Stainless steel drip trays can be surprisingly expensive. Tiny 1-glass sized ones can be in excess of $100, and larger ones (suitable for my 3-tapper) even more so. No wonder people do without. But after reading a post on HomebrewTalk I was put onto Barproducts.com who do a 19″ stainless steel drip tray for US$18.50! Sure I was slugged with a fair bit of postage, but it still worked out very cheap.
The first step is to knock up a wooden surround for the tray to sit in. As a starting point I cut a base plate out of 12mm ply a few millimetres larger than the tray, then threw some 40x12mm pine DAR around all sides (mitering the front edges, of course).
Next to be made were some mounting brackets. Originally I had thought that the drip tray box would sit flush with the front of the keezer, but now that the taps are on it I realise that it will need to sit out by 40mm. The woodwork on the brackets isn’t exactly my best work, but I’m hoping that most of it will not be visible to a standing person and any gaps that are will be filled with filler.
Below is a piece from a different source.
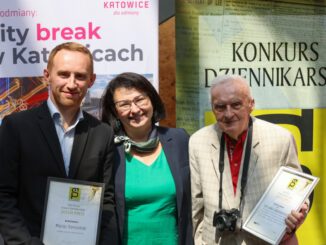 Maciej Dorosiński i bohater jego tekstu Stanisław Jakubowski. Obaj odebrali w czwartek wyróżnienia w konkursie Silesia Press. Laureatom towarzyszy Anna Zych, nasza redaktor naczelna i prezes Wydawnictwa Gospodarczego
fot: Katarzyna Zaremba-Majcher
On goes two coats of the same combination stain and varnish that I used on the rest of the keezer. And a few more coats of high gloss clear. I temporarily screwed the drip tray bracket to a spare scrap of wood so that I could varnish it both in the horizontal and vertical positions (with the aid of a bench vice). This allowed me to get to all the sides of the tray box and to avoid trying to paint upside-down.
And then there’s nothing to do but screw it to the keezer and slip in the stainless steel drip tray! The real test will of course be whether it can take the load of a full glass of beer, when someone inevitably uses it as a shelf… so to double check I’ve filled up my heaviest 500mL stein and it doesn’t budge a bit.
Now all that remains is a bit of plumbing took hook up the gas and beer lines…